─── Working data

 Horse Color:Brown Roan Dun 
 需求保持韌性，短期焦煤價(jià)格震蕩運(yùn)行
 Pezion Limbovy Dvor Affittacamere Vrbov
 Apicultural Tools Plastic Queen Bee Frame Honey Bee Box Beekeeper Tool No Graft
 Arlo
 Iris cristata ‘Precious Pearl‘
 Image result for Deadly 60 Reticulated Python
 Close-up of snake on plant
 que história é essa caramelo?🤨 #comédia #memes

──────
─── Working data

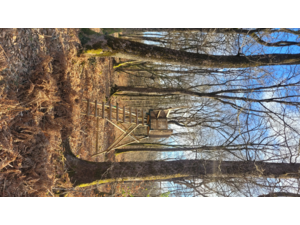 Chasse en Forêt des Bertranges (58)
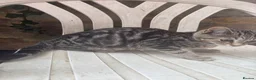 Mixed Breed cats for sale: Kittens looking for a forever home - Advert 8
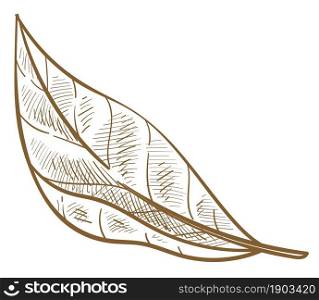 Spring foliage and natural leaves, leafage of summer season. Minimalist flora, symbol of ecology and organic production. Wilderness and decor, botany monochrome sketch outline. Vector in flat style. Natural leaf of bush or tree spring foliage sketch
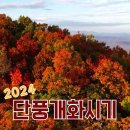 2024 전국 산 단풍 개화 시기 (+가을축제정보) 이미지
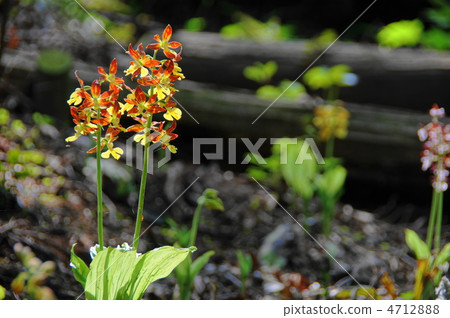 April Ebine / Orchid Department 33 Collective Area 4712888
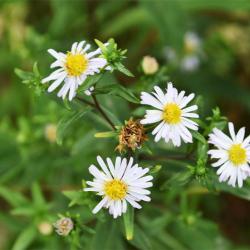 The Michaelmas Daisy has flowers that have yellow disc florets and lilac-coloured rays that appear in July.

──────
─── Working data

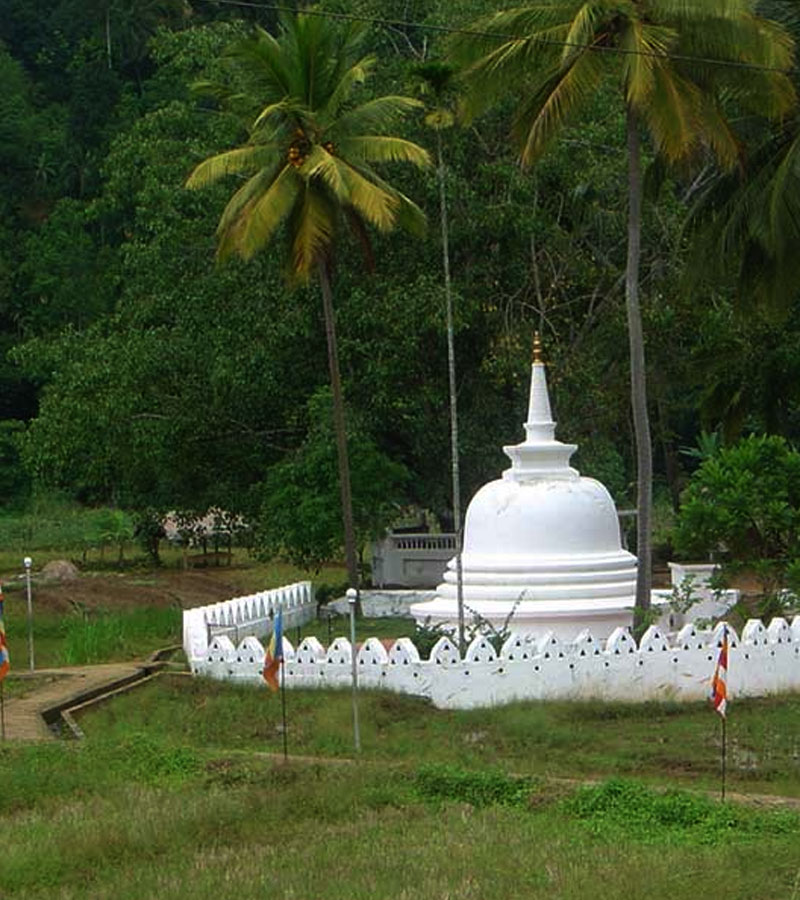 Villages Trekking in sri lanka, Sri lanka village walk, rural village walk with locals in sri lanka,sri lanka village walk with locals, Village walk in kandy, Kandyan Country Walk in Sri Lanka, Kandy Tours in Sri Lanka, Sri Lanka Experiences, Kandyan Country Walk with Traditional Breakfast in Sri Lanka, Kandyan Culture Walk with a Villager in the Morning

──────

Problem statement
Above are the records; print exactly the lines from the line with "Close-up of snake on plant" to the line with "que história é", including both, and nothing else.

Worked solution
 Close-up of snake on plant
 que história é essa caramelo?🤨 #comédia #memes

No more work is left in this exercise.